Two fair dice are rolled. Then the probability of getting a composite number as the sum of the face values is equal to
A. $\dfrac{7}{12}$
B. $\dfrac{5}{12}$
C. $\dfrac{1}{12}$
D. $\dfrac{3}{4}$
E. $\dfrac{2}{3}$

Answer 1

Hint: To solve this question, we should know about the sample space and the favourable cases for the required event. The sample space when two dice are rolled is given by $S=\left\{ \left( 1,1 \right)\left( 1,2 \right)\left( 1,3 \right)......\left( 6,4 \right)\left( 6,5 \right)\left( 6,6 \right) \right\}$ where the elements in the ordered pair are the numbers appeared on the two dice. We can write that the total number of elements in the sample space is $n\left( S \right)=6\times 6=36$. We should write the favourable cases out of the sample space whose sum is a composite number and the probability is given by ${{p}_{required}}=\dfrac{n\left( favorable \right)}{n\left( S \right)}$.
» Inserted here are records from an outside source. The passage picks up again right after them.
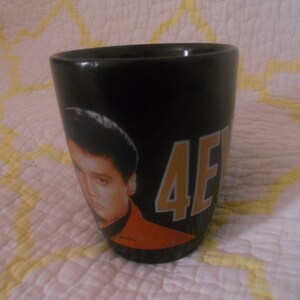 Elvis Presley Coffee Mug Cup EP 4EVER. Collectible Mug.Gift for a Rock and Roll Fan. image 4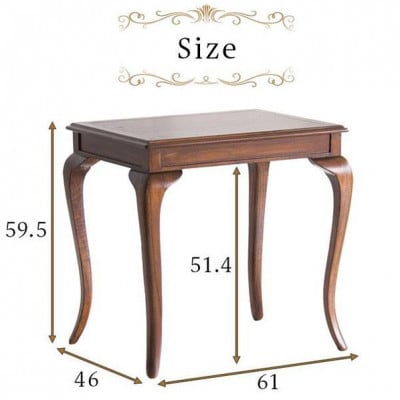 ウェール コーヒーテーブル アンティーク調 天然木 幅61cm 完成品 AKU1001428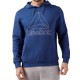 BLUZA męska REEBOK LOGO ciepła CD5532 niebieska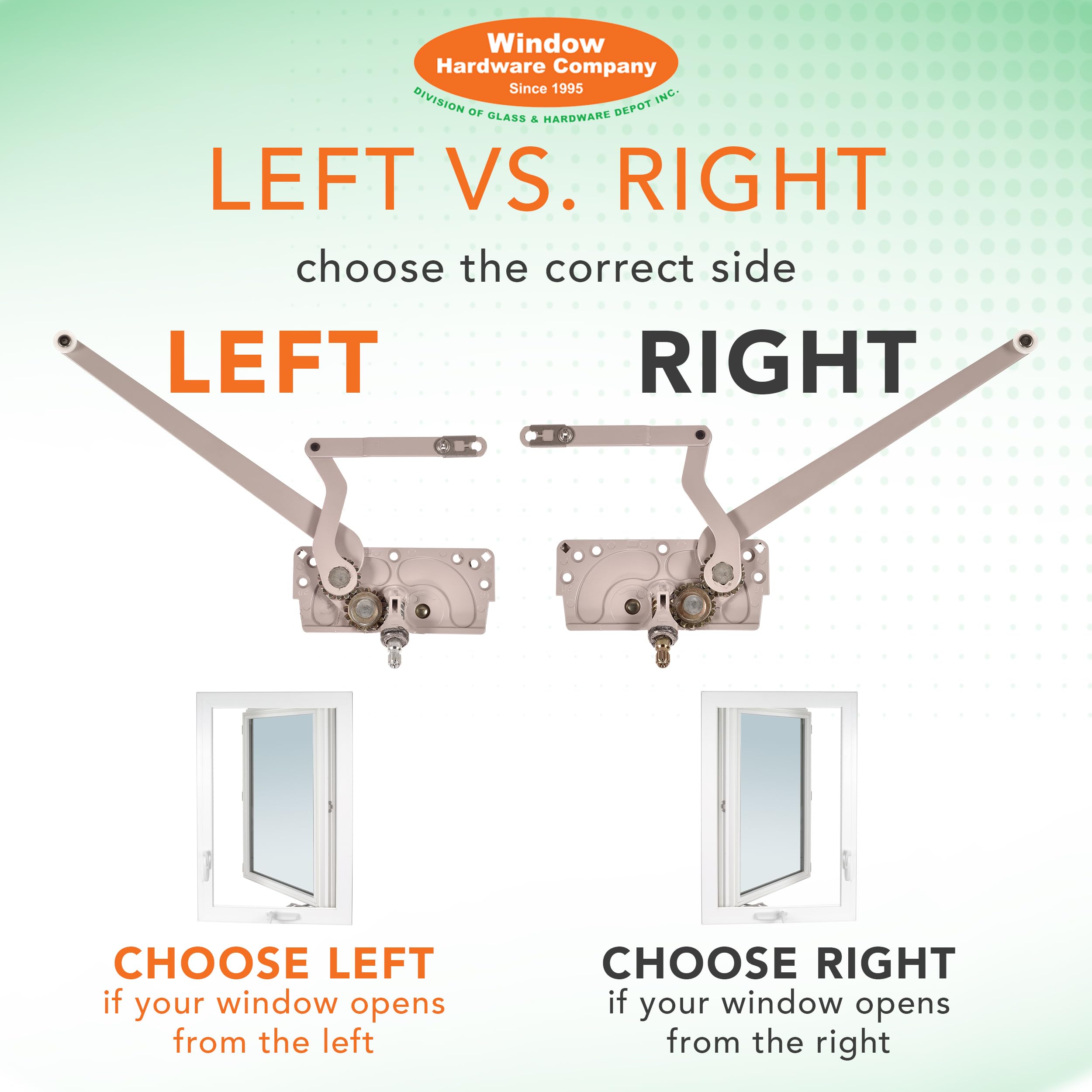EntryGard secure-crank promotes child-safe, secure window operation.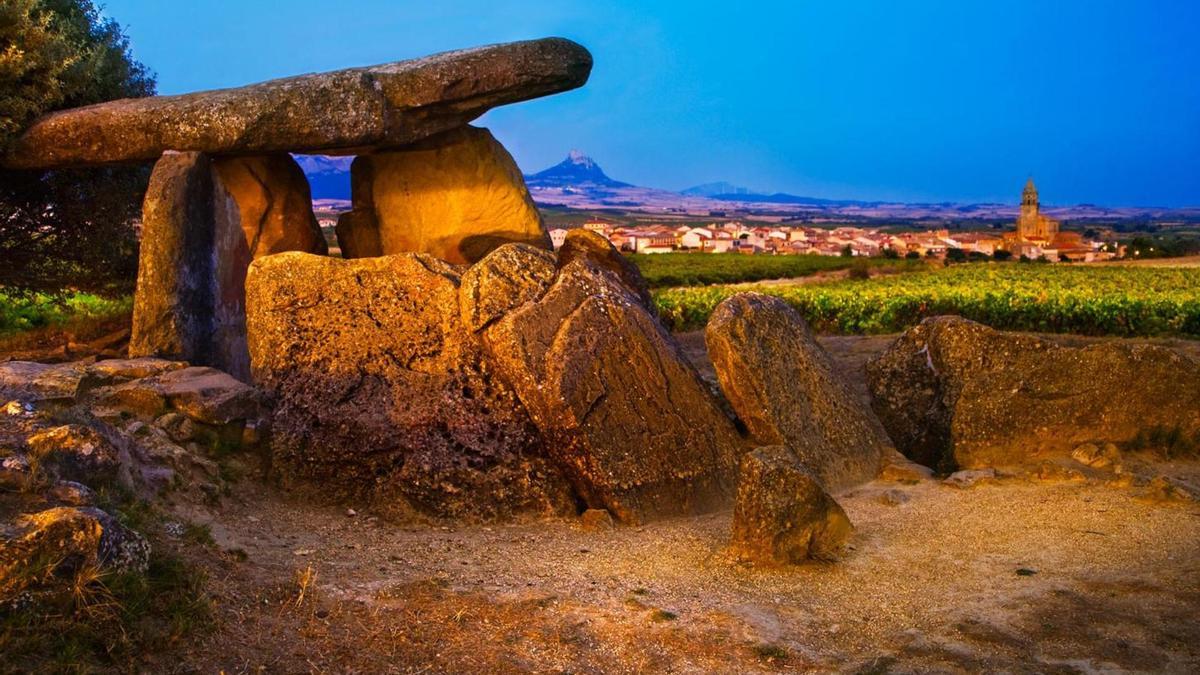 El dolmen de la Chabola de la Hechicera, cerca de Laguardia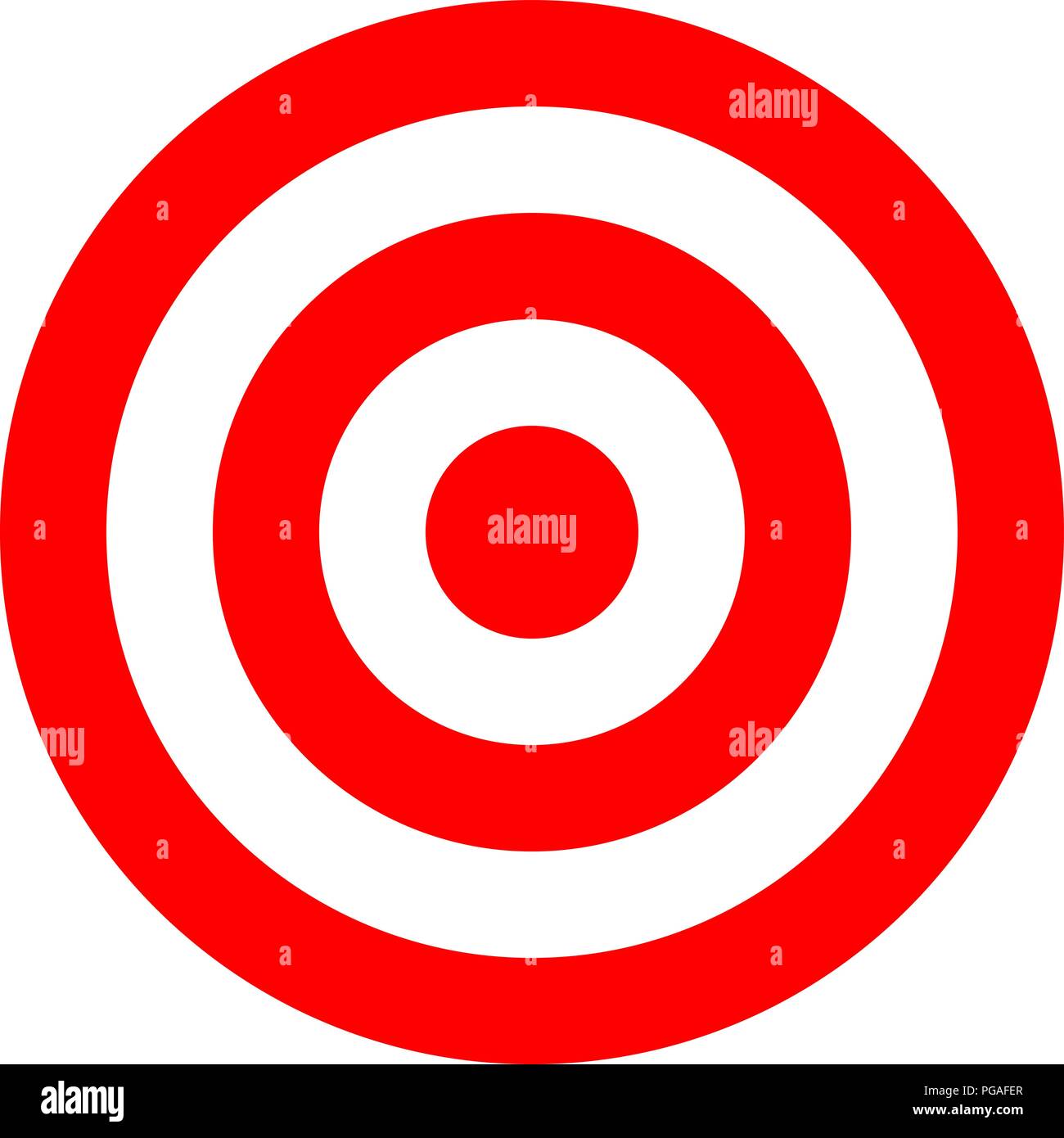 Einfacher Kreis Ziel Vorlage. Bullseye Symbol Stock Vektor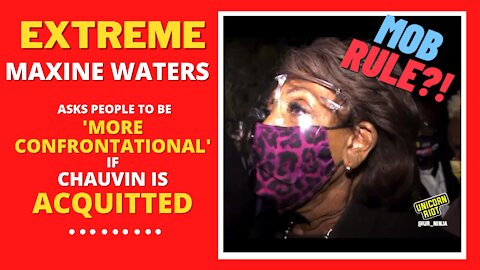 If Derek CHAUVIN Is ACQUITTED - MAXINE WATERS Wants People On The Streets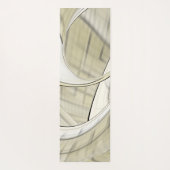 Aardpastel Autumn Abstracte kunst Monogram Yogamat (Achterkant)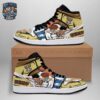 Usopp Black White Manga High-Top Leather Sneakers – One Piece Shoes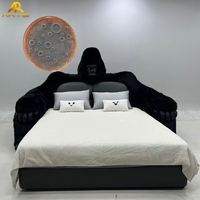 Lit moderne simple en bois massif pour garçon, lit king-size en forme de gorille de dessin animé, lit kingkong assorti pour la chambre à coucher, lit pour enfants
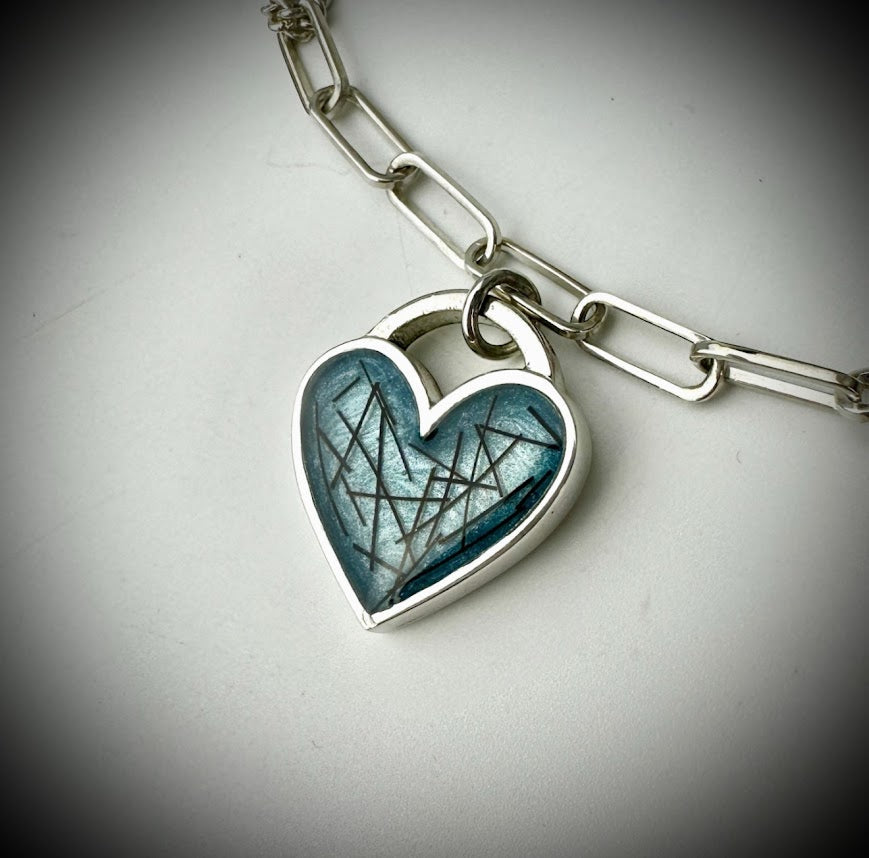 Linked to my Heart adjustable Bracelet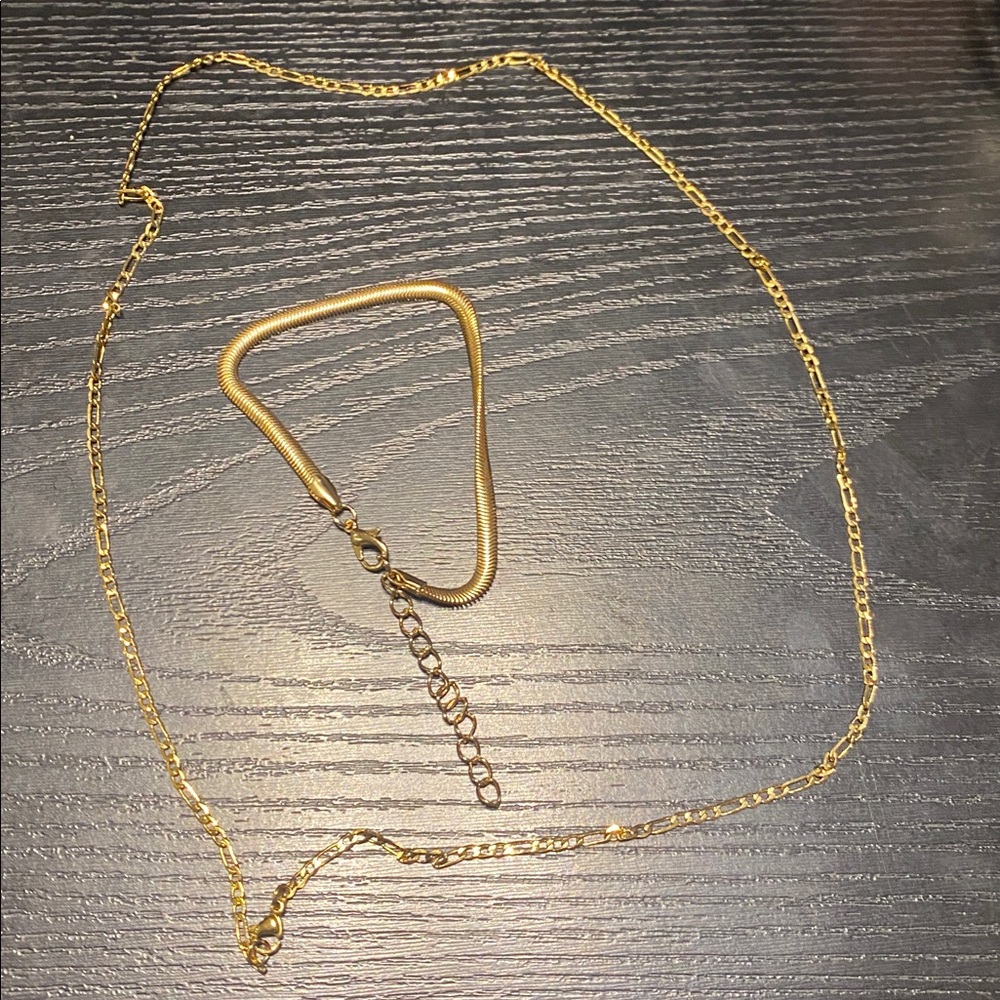 Elegant Gold Chain & Bracelet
Complete step by step answer:
We are given a sample space that has two dice. When two dice are rolled, the sample space is as follows
$S=\left\{ \left( 1,1 \right)\left( 1,2 \right)\left( 1,3 \right)......\left( 6,4 \right)\left( 6,5 \right)\left( 6,6 \right) \right\}$ where $\left( x,y \right)$ denotes that the first dice is rolled the number-x and the second dice is rolled the number-y.
There are 6 possibilities each for the first dice and second dice. So, the total number of elements is given by $n\left( S \right)=6\times 6=36$
The value of the sum ranges from 2 to 12.
Let us consider the sum of the two numbers is S and an event E which has the value of S as a composite number.
The favorable cases for the event E are
$S=4,6,8,9,10,12$ as these are the composite numbers in the range of the sum.
Let us consider $S=4$. The ordered pairs for which we get the sum as 4 are
$\left( 1,3 \right),\left( 3,1 \right),\left( 2,2 \right)$
So, $N\left( S=4 \right)=3$
Let us consider $S=6$. The ordered pairs for which we get the sum as 4 are
$\left( 1,5 \right),\left( 5,1 \right),\left( 2,4 \right),\left( 4,2 \right)\left( 3,3 \right)$
So, $N\left( S=6 \right)=5$
Let us consider $S=8$. The ordered pairs for which we get the sum as 4 are
$\left( 2,6 \right),\left( 6,2 \right),\left( 3,5 \right),\left( 5,3 \right),\left( 4,4 \right)$
So, $N\left( S=8 \right)=5$
Let us consider $S=9$. The ordered pairs for which we get the sum as 4 are
$\left( 3,6 \right),\left( 6,3 \right),\left( 4,5 \right),\left( 5,4 \right)$
So, $N\left( S=9 \right)=4$
Let us consider $S=10$. The ordered pairs for which we get the sum as 4 are
$\left( 4,6 \right),\left( 6,4 \right),\left( 5,5 \right)$
So, $N\left( S=10 \right)=3$
Let us consider $S=12$. The ordered pairs for which we get the sum as 4 are
$\left( 6,6 \right)$
So, $N\left( S=12 \right)=1$
We can write that
$\begin{align}
  & N\left( E \right)=N\left( S=4 \right)+N\left( S=6 \right)+N\left( S=8 \right)+N\left( S=9 \right)+N\left( S=10 \right)+N\left( S=12 \right) \\
 & N\left( E \right)=3+5+5+4+3+1=21 \\
\end{align}$

We can write the required probability as
$P\left( E \right)=\dfrac{N\left( E \right)}{N\left( S \right)}=\dfrac{21}{36}=\dfrac{7}{12}$
$\therefore $The required probability is $\dfrac{7}{12}$. The answer is option-A.


Note:
There is a shortcut to get the number of ordered pairs for the sum when two dice are rolled. The below figure has the sum as the x-axis and the number of ordered pairs on the y-axis. The number starts at 1 for the sum=2 and increases one by one until it reaches the value of 6 at sum=7. Again, it decreases one by one to reach the value of 1 when sum=12. Using this method, we can easily write the number of ordered pairs instead of writing the ordered pairs for every question.